Binotto possède une immense expérience en Formule 1, dont une grande partie est centrée sur le groupe motopropulseur, ayant dirigé cette division pendant une partie de sa longue carrière chez Ferrari. Il sait mieux que quiconque à quel point il est difficile pour Audi non seulement de mettre au point un groupe motopropulseur dans un délai raisonnablement court, mais aussi de le faire sans avoir jamais construit de moteur de Formule 1 qui ait roulé sur circuit.

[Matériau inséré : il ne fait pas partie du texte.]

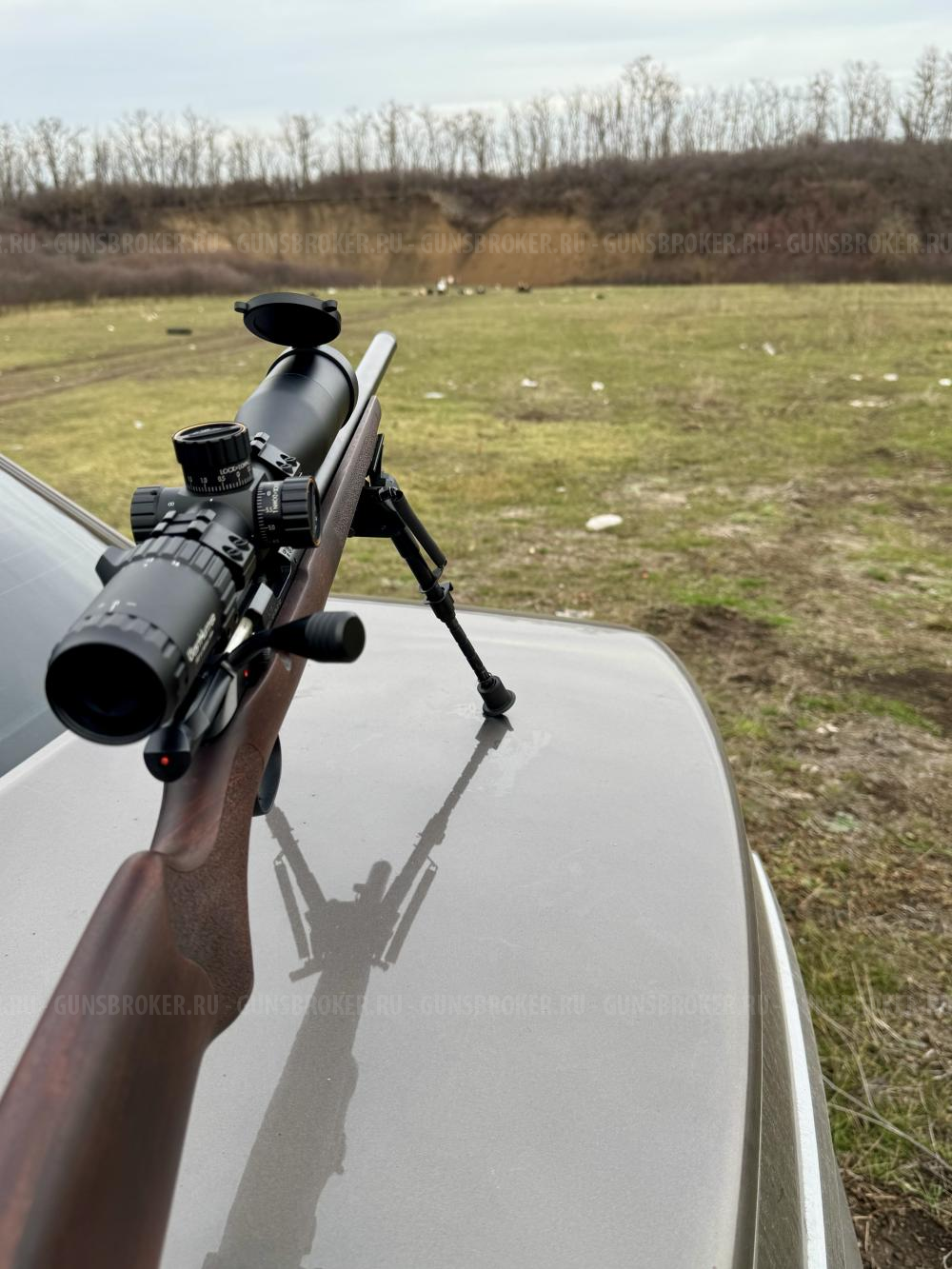 CZ 457 VARMINT 22 LR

"Le défi est de taille," admet-il. "Le groupe motopropulseur est une question complexe et difficile. Son développement prend du temps, plus longtemps que celui du châssis et de l’aérodynamique. L’équipe a commencé à développer le groupe motopropulseur il y a plusieurs années et il fonctionne bien sur le banc d’essai. Mais pour nous, ce sera un long parcours et nous aurons beaucoup à apprendre, mais nous sommes tous enthousiastes."
"Sur le banc d’essai, nous testons actuellement la fiabilité afin de nous assurer qu’elle sera au rendez-vous pour le début de la saison. Il y a des moments de tension à Neuburg, mais c’est le défi à relever. "
"C’est un défi difficile mais pour devenir champion du monde, pour avoir la meilleure voiture sur la piste, tous les défis sont difficiles. Je ne pense pas qu’on puisse choisir lequel est le plus difficile. Mais pour un nouveau constructeur, ce n’est certainement pas facile."
Le moteur, le MGU-K, les composants hybrides et la boîte ont été développés à Neuburg, tandis que la structure de boîte et l’essieu arrière sont produits à Hinwil. Le partenariat technique Audi-Sauber s’est concentré sur l’intégration moteur-châssis pour optimiser l’efficacité thermique et la gestion énergétique, un point crucial face à l’électrification renforcée des blocs 2026.
Gernot Döllner, patron d’Audi, a salué l’impact de Binotto à ce sujet lors du lancement du concept qui a eu lieu mercredi soir.
"Il a pu faire une analyse initiale très rapide à Hinwil. À partir de là, il a développé, avec l’équipe, un plan clair pour cette année."
"Nous sommes très satisfaits de la manière dont ce plan est devenu réalité. C’est la même chose du côté moteur à Neuburg."
"Avec son expérience, il était évident de le rapprocher de l’équipe de Neuburg. Nous avons des critères de performance bien définis et une stratégie de développement claire. Nous en sommes pleinement satisfaits."
Une fois l’unité de puissance homologuée - avant le 1er mars 2026 - les évolutions seront en grande partie gelées au fur et à mesure jusqu’à fin 2030, hormis des ajustements de fiabilité, sécurité ou packaging validés par la FIA.
Cependant, si Audi (ou un autre motoriste) se retrouve nettement derrière, le règlement prévoit un mécanisme de rattrapage. Un indice de performance sera calculé pour chaque constructeur.
Entre 2 % et 4 % de déficit : 1 évolution supplémentaire autorisée. Plus de 4 % : 2 évolutions par période.
Trois périodes seront définies (courses 1–6, 7–12 et 13–18), et les constructeurs concernés pourront aussi étendre l’utilisation de leurs bancs d’essais ou ajuster leurs dépenses sous plafond budgétaire.
Audi pourrait avoir à s’appuyer sur ce dispositif dans ses premières saisons, le constructeur s’attendant à monter progressivement en puissance avant d’être prêt pour le prochain grand cycle réglementaire de la fin de décennie.
Döllner réaffirme néanmoins un objectif clair : viser les titres à partir de 2030.
"Nous avons fait du benchmarking. Nous avions des expériences d’autres disciplines. Nous avons trouvé cet objectif ambitieux mais réaliste. Nous avons un modèle en trois phases : nous commençons en challengers, puis devenons compétiteurs, et enfin, à partir de 2030, nous voulons nous battre pour la victoire."